Decisions by Roberto di Matteo meant his side ended the defeat by Manchester United without Torres, Mata, Hazard and Oscar on the pitch
Somehow Chelsea contrived to finish Sunday's match without Fernando Torres, Juan Mata, Eden Hazard or Oscar on the pitch. Although there were extenuating circumstances involving several crucial calls by the officials, this looked like a failure of managerial judgment. Roman Abramovich, sitting high in his East Stand eyrie, would certainly have been wondering what had happened to the £130m he invested in the quartet.
Torres had been sent off for a second yellow card. He could have gone for the first, a high lunge on Tom Cleverley, although the second, for a dive as he ran at four defenders, seemed marginal as there appeared to be involuntary contact with Jonny Evans's leg.
But the other three were withdrawn, one by one, between the 66th and 82nd minutes as Roberto Di Matteo strove to claw back something from a contest in which his side had already made an impressive comeback. Each decision was understandable when viewed in isolation but together they robbed the league leaders of the chance to manufacture a more constructive response to a heavy dose of misfortune.
If the initial comeback had been impressive, the same could not be said about the way they conceded two goals to Manchester United inside the opening 12 minutes.
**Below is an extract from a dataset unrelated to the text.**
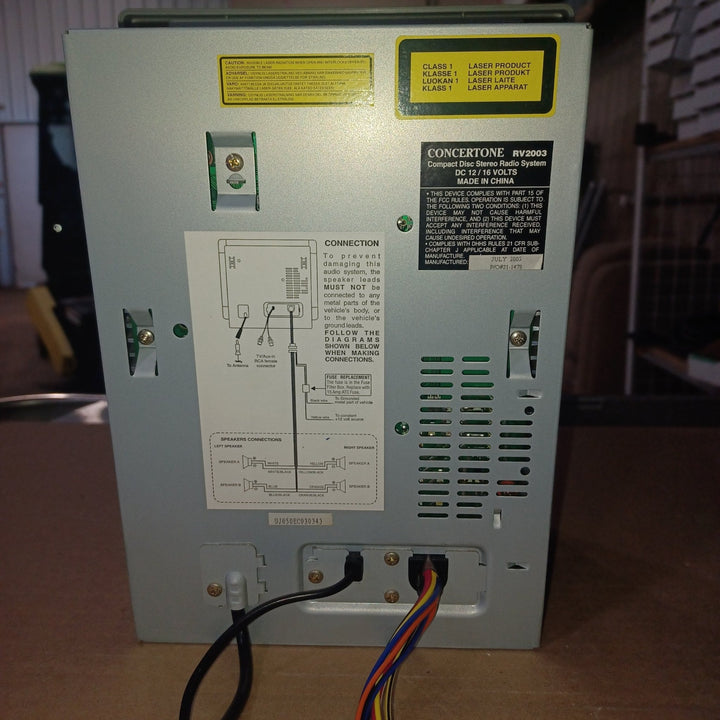 Used Concertone RV Radio RV2003 - Young Farts RV Parts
Sir Alex Ferguson had picked Antonio Valencia to play as a conventional winger on the right and Chelsea's surprisingly flimsy cover was immediately stretched to breaking point.
Both goals came from incursions down that flank, although it was Wayne Rooney whose cross from the right provoked David Luiz's own-goal before Robin van Persie hammered in Valencia's precise cut-back. At that point, and for some time afterwards, Chelsea were all over the place.
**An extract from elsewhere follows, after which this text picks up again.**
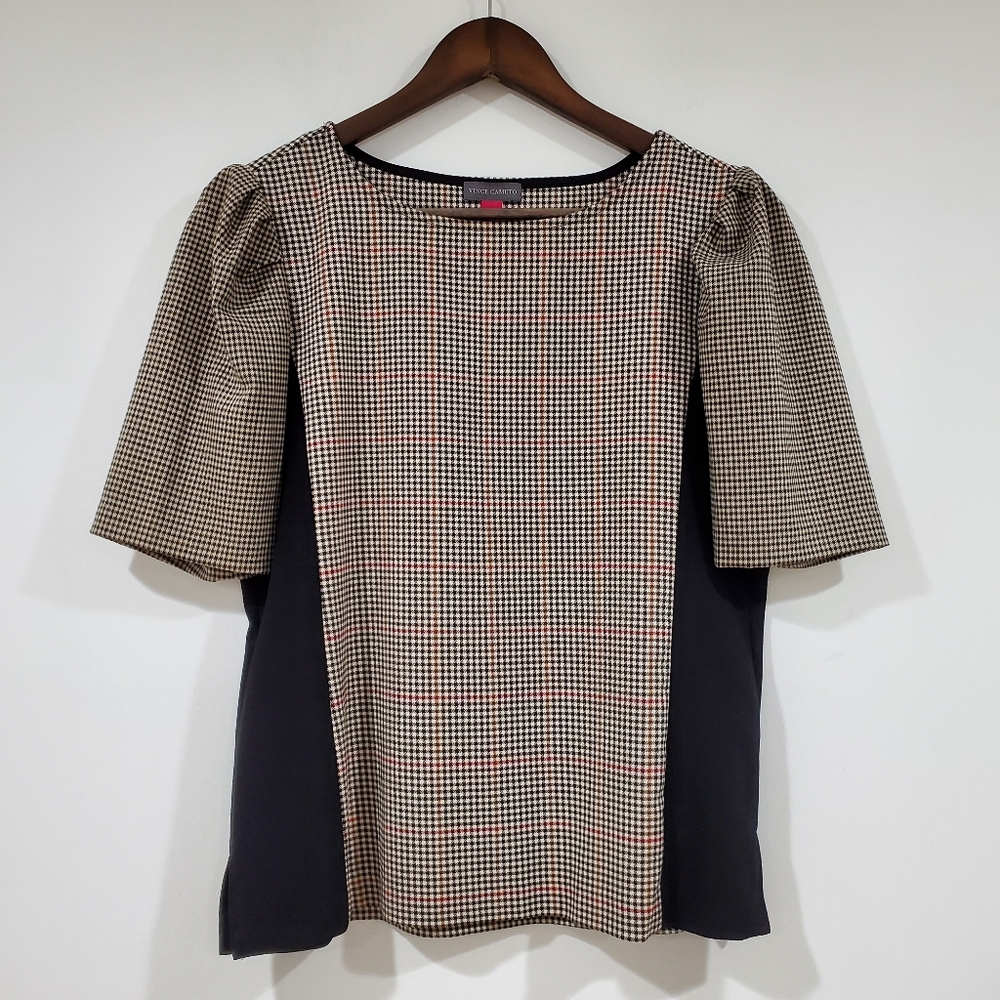Vince Camuto Plaid Top Women's Size XS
Their central defence, in the persons of David Luiz and Gary Cahill, had the consistency of wet tissue paper, while Ashley Cole was receiving no help in defending his area of the pitch against Valencia and Rafael da Silva, with little cover forthcoming from Mikel John Obi and Ramires. Gradually, however, their front four players – Torres and the attacking midfield trio – brought them back into the match, with the assistance of a United team strangely willing to give the ball away in their own half.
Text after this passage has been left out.